Chestnut Street Incident
Chestnut Street Incident isn’t new, and it sure as hell isn’t any good, but for the most dedicated Cougarphiles it can be considered an invaluable slab of rock & roll archeology, a Rosetta stone for the “Small Town” set. Recorded back in 1976 with Bowie Svengali Tony Defries behind the boards, Cougar’s debut is proof that before everything started going right for the heartland rocker, everything had gone wrong. The opening track, “American Dream,” is a foreshadowing of the territory that Mellencamp would someday make his own, but it also proves that at this early date he just didn’t have any grand statements in him; what he did have was an eminently likable voice and a king-size supply of cockiness. “I had a face so cute it made the young girls cry,” he boasts as the song begins, “and I could blow ’em away with just a wink of my eye.”

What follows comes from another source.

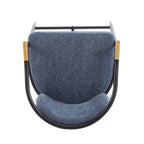 Top-down view of upholstered counter stool highlighting the curved backrest and soft blue seat cushion in a modern minimalist design.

Almost half of Chestnut Street Incident is taken up by Cougar’s relatively worthless covers of Fifties and Sixties standards. His version of “Oh, Pretty Woman,” for example, can’t touch Roy Orbison’s — or even Van Halen’s, for that matter. And though his klutzy take on the Doors’ “Twentieth Century Fox” may well have wowed them at a Seymour, Indiana, sock hop, it should never have been committed to vinyl. Cougar’s own material — like “Dream Killin’ Town” and “Chestnut Street Revisited” — shows that back then his ambition definitely exceeded his grasp; there’s little here to indicate the off-the-cuff intelligence that he’d show later on. As a songwriter, the kiddie Cougar was less than the sum of his very admirable influences (Creedence, Dylan, the Stones). And none of the material is helped by the dated sound of Defries’s production.
The lesson of Mellencamp’s career is that not every worthwhile rocker starts off as a diamond in the rough. Listening to Chestnut Street Incident, one can’t help but hear how desperately John Mellencamp wanted to be important. The unearthing of this mediocrity, recorded nearly a decade before Uh-Huh and Scarecrow, suggests how very far he had to come.